§ **WHAT IS BEING ASKED**:
Note every line in the entries that contains the string "Vessel", and copy it.

§ **INFORMATION PROVIDED**:
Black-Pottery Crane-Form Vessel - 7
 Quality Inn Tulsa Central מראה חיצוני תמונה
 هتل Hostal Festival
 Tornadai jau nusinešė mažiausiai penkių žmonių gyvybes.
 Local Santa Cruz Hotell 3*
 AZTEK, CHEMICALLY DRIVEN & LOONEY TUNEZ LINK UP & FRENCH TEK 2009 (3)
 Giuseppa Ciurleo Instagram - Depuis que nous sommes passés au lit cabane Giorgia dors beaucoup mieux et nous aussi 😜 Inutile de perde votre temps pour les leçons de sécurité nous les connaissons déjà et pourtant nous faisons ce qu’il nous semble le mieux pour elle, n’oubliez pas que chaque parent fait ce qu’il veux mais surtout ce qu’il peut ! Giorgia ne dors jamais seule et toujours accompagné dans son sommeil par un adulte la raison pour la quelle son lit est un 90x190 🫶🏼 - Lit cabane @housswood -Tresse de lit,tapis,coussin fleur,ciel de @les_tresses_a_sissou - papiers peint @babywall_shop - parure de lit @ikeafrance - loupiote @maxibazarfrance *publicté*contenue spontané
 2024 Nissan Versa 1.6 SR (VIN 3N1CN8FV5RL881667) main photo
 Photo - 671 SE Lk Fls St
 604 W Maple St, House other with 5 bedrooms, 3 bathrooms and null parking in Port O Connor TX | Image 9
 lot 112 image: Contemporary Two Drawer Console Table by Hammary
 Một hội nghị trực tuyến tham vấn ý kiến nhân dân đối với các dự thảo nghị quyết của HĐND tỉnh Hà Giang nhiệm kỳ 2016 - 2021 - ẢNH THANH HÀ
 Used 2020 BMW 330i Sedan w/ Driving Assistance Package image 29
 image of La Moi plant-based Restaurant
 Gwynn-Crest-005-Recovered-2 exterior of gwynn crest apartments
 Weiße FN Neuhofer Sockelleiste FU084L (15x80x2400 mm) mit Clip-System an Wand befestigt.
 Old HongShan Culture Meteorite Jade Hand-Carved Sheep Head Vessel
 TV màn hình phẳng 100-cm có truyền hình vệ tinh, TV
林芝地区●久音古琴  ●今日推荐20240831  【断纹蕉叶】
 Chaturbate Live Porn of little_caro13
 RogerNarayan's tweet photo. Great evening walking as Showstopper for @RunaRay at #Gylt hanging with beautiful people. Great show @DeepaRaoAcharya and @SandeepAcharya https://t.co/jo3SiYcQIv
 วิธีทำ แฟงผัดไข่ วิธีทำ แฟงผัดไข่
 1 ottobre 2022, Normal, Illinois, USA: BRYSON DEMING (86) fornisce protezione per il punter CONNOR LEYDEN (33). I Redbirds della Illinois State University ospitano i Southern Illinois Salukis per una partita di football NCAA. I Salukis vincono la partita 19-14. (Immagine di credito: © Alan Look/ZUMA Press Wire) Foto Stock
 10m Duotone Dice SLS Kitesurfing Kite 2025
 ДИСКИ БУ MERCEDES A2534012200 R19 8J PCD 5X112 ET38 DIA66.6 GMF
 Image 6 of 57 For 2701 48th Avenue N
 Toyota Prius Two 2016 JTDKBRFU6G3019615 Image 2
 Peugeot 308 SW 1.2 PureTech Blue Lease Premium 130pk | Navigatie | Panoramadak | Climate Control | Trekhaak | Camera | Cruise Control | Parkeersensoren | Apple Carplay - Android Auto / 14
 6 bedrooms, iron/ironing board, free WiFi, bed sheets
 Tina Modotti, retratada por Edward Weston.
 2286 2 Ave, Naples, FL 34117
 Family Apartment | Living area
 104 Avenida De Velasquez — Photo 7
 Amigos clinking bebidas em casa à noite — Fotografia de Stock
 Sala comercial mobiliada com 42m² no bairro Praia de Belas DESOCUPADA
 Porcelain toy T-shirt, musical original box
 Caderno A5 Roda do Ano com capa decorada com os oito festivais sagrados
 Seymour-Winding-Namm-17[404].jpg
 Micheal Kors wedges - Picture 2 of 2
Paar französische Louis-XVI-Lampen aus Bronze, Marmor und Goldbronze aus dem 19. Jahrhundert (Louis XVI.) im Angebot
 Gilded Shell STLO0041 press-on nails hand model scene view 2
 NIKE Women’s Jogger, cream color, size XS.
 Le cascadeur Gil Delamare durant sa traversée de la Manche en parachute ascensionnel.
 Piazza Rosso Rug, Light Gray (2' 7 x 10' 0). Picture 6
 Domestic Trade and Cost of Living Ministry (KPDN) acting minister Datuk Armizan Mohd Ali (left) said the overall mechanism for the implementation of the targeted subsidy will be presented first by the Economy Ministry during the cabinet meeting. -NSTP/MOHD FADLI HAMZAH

§ **EXERCISE ANSWER**:
Black-Pottery Crane-Form Vessel - 7
 Old HongShan Culture Meteorite Jade Hand-Carved Sheep Head Vessel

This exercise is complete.